Here is a screenshot of what my dashboard looks like after runs are complete (2-5 epochs, depending on the model).
The seventh model has data for training steps 0 and 1, but there should be a lot more training steps. All the other training models have data for only step 0. The configuration variables should also vary across steps, but they don’t.
Here are the options I used for the hyperparameter search. I don’t have a repro yet, but I can work on creating one.

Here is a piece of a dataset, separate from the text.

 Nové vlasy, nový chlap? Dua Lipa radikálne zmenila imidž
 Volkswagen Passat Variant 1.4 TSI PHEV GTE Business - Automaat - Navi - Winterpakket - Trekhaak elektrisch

training_args = Seq2SeqTrainingArguments(
output_dir=".",
report_to="wandb",
learning_rate=1e-3, # config
warmup_steps=0, # config
weight_decay=0.1, # config
num_train_epochs=2, # config
evaluation_strategy="epoch",
save_strategy="epoch",
load_best_model_at_end=True,
save_total_limit=5,
max_steps=-1,
per_device_train_batch_size=4,
gradient_accumulation_steps=8,
per_device_eval_batch_size=4,
gradient_checkpointing=True,
gradient_checkpointing_kwargs={"use_reentrant":False}, # try
predict_with_generate=True,
generation_max_length=45,
generation_config=GenerationConfig(min_length=16, max_length=45),
use_cpu=(gpus_per_trial <= 0),
fp16=(True if gpus_per_trial>=1 else False),
logging_strategy="epoch",
logging_dir="./logs",
)
trainer = Seq2SeqTrainer(
model_init=get_model,
args=training_args,
train_dataset=tokenized_tweets["train"],
eval_dataset=tokenized_tweets["test"],
data_collator=data_collator,
compute_metrics=compute_metrics,
)
tune_config = {
"num_train_epochs": tune.choice([2, 3, 4, 5]),
"max_steps": 1 if smoke_test else -1, # Used for smoke test.
}
scheduler = PopulationBasedTraining(
time_attr="training_iteration",
metric="eval_rouge1",
mode="max",
perturbation_interval=1,
hyperparam_mutations={
"weight_decay": tune.uniform(0.0, 0.1),
"learning_rate": tune.loguniform(1e-4, 1e-1),
"warmup_steps": tune.randint(0, 4),
},
)
reporter = CLIReporter(
parameter_columns={
"weight_decay": "w_decay",
"learning_rate": "lr",
"warmup_steps": "warmup",
"num_train_epochs": "num_epochs",
},
metric_columns=["eval_loss", "eval_rouge1", "eval_rouge2", "eval_rougeL",
"eval_gen_len", "eval_runtime", "epoch", "training_iteration"],
)
best_result = trainer.hyperparameter_search(
hp_space=lambda _: tune_config,
backend="ray",
n_trials=num_samples,
resources_per_trial={"cpu": 1, "gpu": gpus_per_trial},
scheduler=scheduler,
checkpoint_score_attr="training_iteration",
stop={"training_iteration": 1} if smoke_test else None,
progress_reporter=reporter,
storage_path="/kaggle/working/ray_results/",
name="tune_transformer_pbt",
log_to_file=True,
callbacks=[WandbLoggerCallback(
project="t5_pbt_0",
group="t5_pbt_0",
log_config=True,
upload_checkpoints=True,
)],
checkpoint_config=train.CheckpointConfig(num_to_keep=4),
)